On Improvement of the Mind
August 1837 — Ladies’ Literary Society, New York City
Friends, in appearing before you this evening, I find words inadequate to express my feelings for the honor confered on my of addressing you, in the celebration of this anniversary. I am conscious of my incapacity to do justice to the time allotted me. But as our subject is improvement, and feeling that yours is the same, we have but to solicit your kind indulgence.
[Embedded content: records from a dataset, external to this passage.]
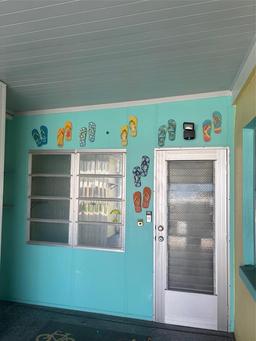 Picture of 250 Rosery Road Nw Unit 295, Largo, FL 33770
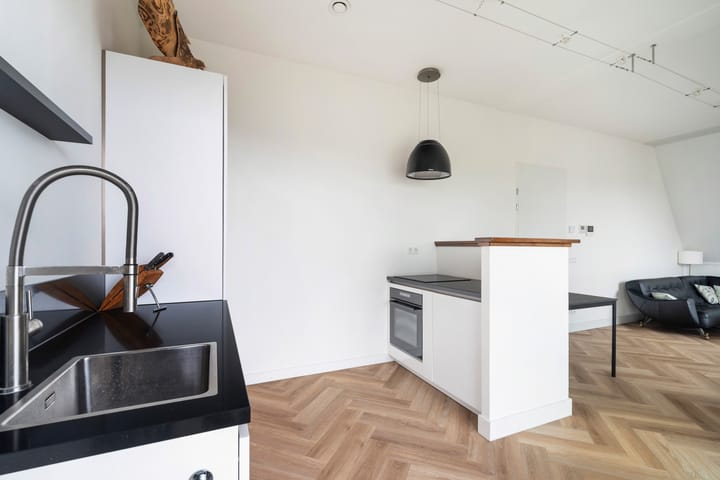 Foto 3 van Maria Enzersdorflaan 9-A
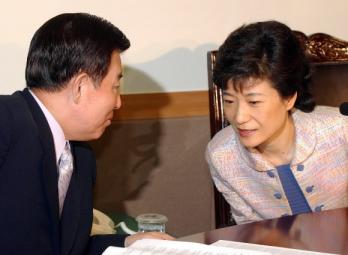 한나라당 박근혜(오른쪽) 대표와 김덕룡 원…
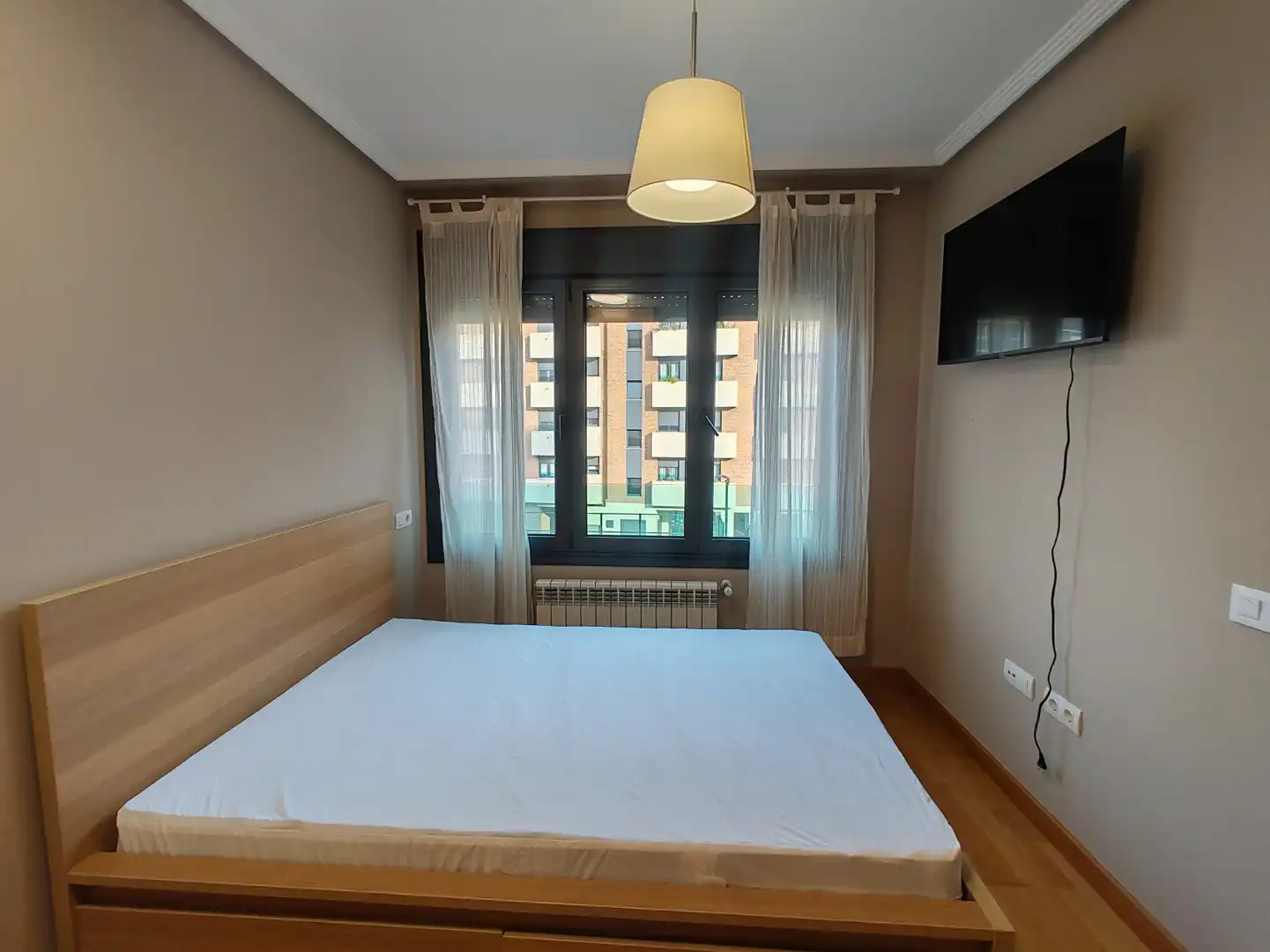 Piso con ascensor en alquiler en Oviedo - CL JERSEY CITY, imagen 12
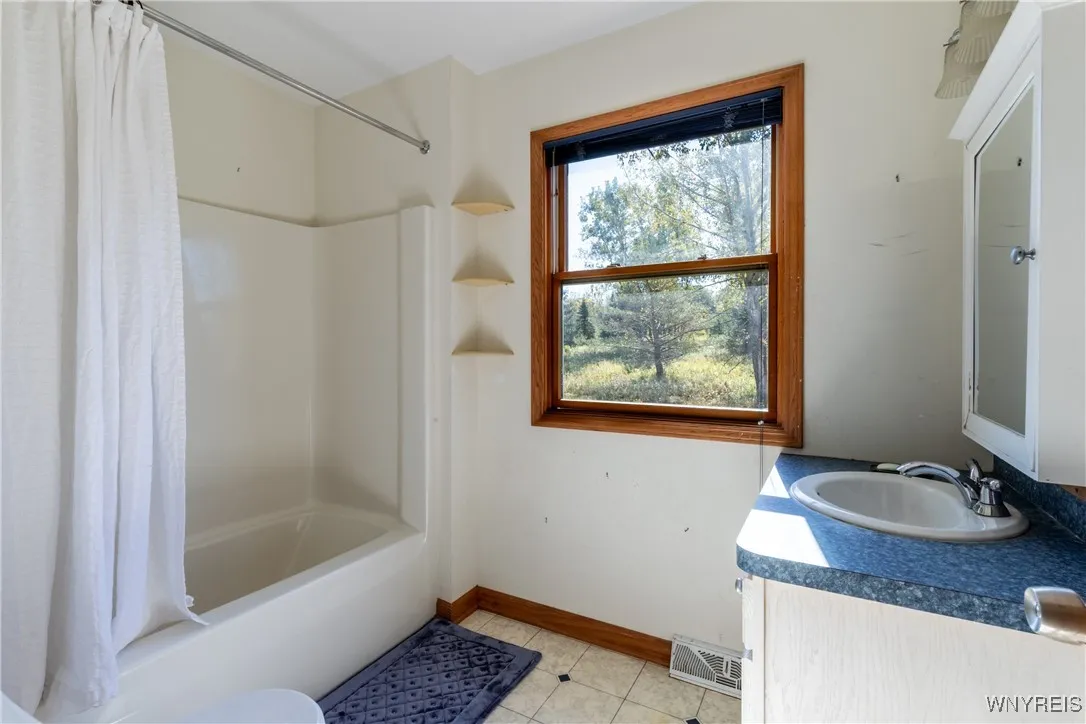 1442 Boies Road, Aurora, New York 14052, Aurora, New York 14052, 3 Bedrooms Bedrooms, 7 Rooms Rooms,3 BathroomsBathrooms,Residential,For Sale,1442 Boies Road, Aurora, New York 14052,0,B1636072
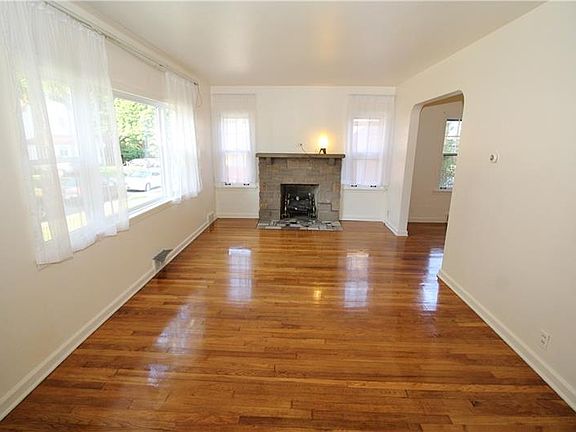 2nd image of 3028 Vernon Ave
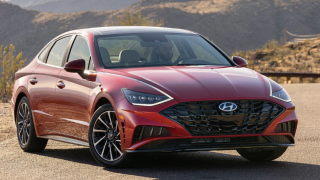 Hyundai Sonata giá từ 543 triệu đồng: Sedan hạng D rẻ nhất, ‘xé vé’ Toyota Camry và Honda Accord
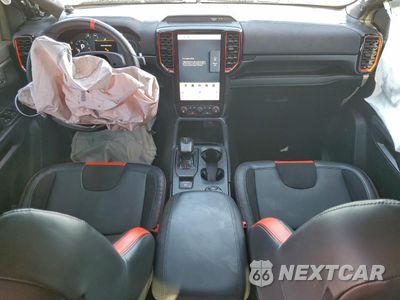 Zdjęcie 8 z 13 samochodu: 2024 FORD RANGER RAPTOR VIN:1FTER4LR1RLE56081 - miniatura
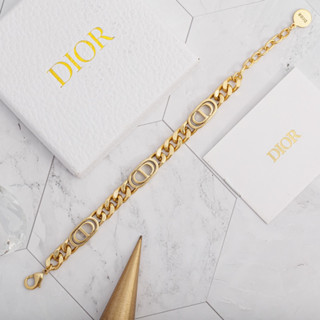 กำไลข้อมือ Dior(ทอง)เกรดVIP ใช้สลับแท้💯พร้อมกล่อง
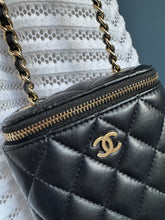 Lade das Bild in den Galerie-Viewer, CHANEL VANITY
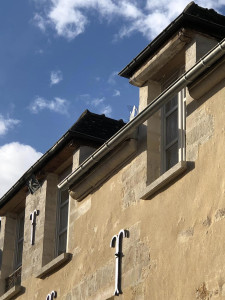 Rénovation complète d'une façade sur Senlis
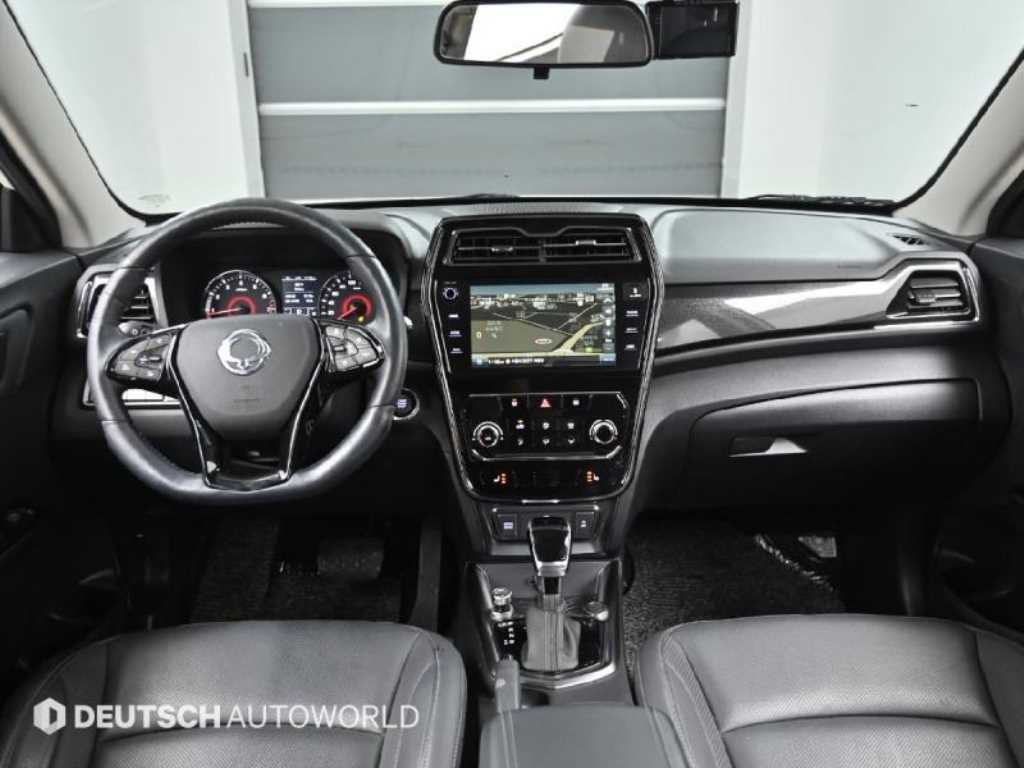 Ssangyong Tivoli - Vista 7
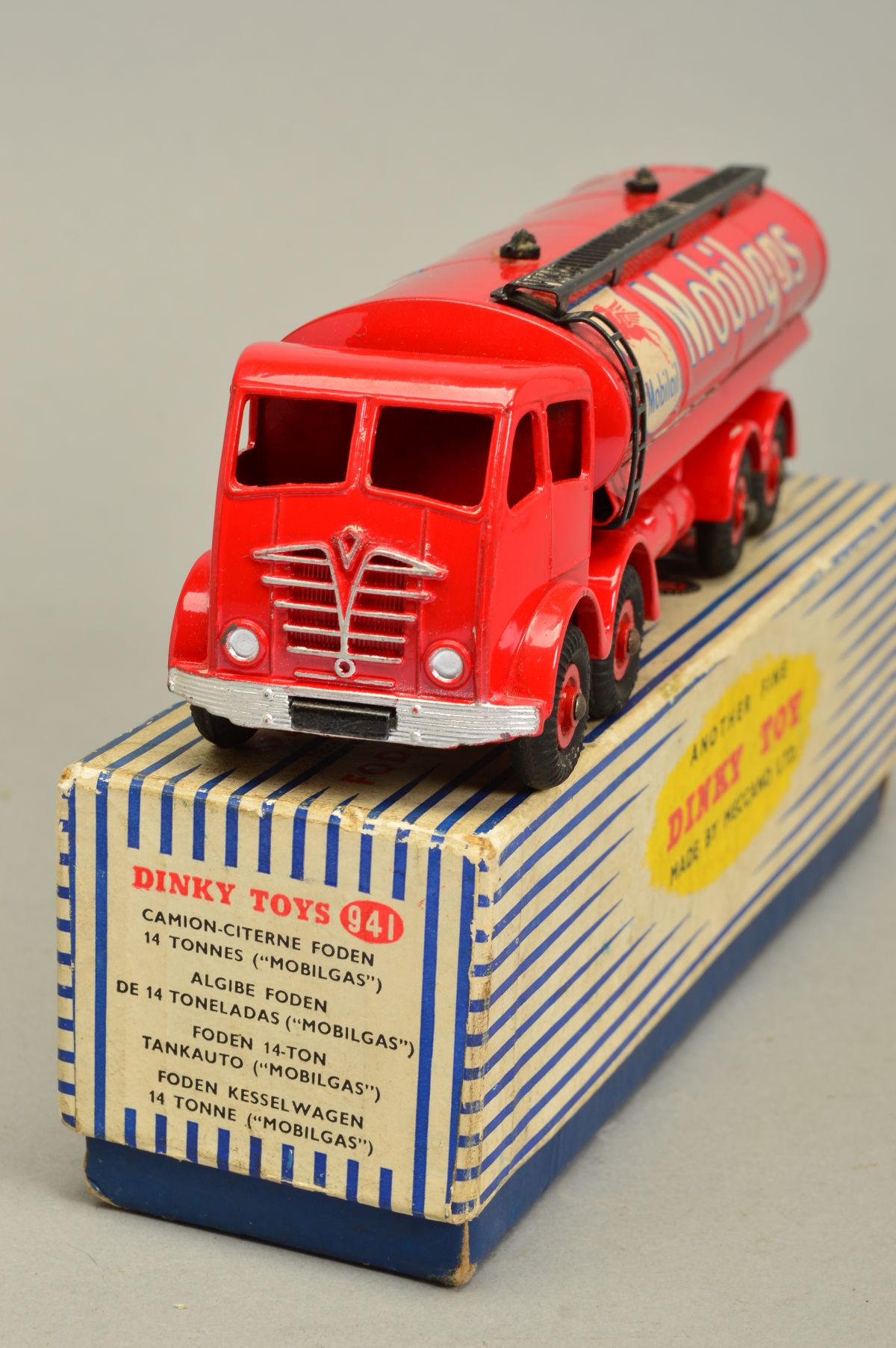 A BOXED DINKY SUPERTOYS FODEN FG 14T MOBILGAS TANKER, No.941, few very minor paint chips, mainly - Image 2 of 5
It is now a momentous time that calls us to exert all our powers and among the many of them, the mind is the greatest, and great care should be taken to improve it with diligence. We should cultivate those powers and dispositions of the mind which may prove advantageous to us. It is impossible to attain to that sphere for which we were created, without persevering. It is certain we were formed for society..and it is our duty and interest to cultivate social qualities and dispositions to endeavor to make ourselves useful and pleasing to others-to promote and encourage their happiness-to cherish the friendly affections, that we may find in them the source of the greatest blessings the world can afford.
But alas, society too often exhibits a far different scene, and this is in consequence of neglect of cultivation, which certainly is much more fatal than we can imagine. Neglect will plunge us into deeper degradation, and keep us groveling in the dust, while our enemies will rejoice and say, we do not believe they (colored people) have any minds; if they have, they are unsuceptible of improvement. My sisters, allow me to ask the question, shall we bring this reproach on ourselves! Doubtless you answer NO, we will strive to avoid it. But hark! methinks I hear the well known voice of Abigail A. Matthews saying you can avoid it. Why sleep thus? Awake and slumber no more–rise, put on your armor, ye daughters of America, and stand forth in the field of improvement. You can all do some good, and if you do but a little it will increase in time. The mind is powerful, and by its efforts your influence may be as near perfection as that of those which have extended over kingdoms, and is applauded by thousands.
Let us accord with that voice which we may hear urging us and resolve to adorn our minds with a more abundant supply of those gems for which we have united ourselves-nor let us ever think any occasion, too trifling for our best endeavors. It is by constant aiming at perfection in every thing, that we may at length attain it.”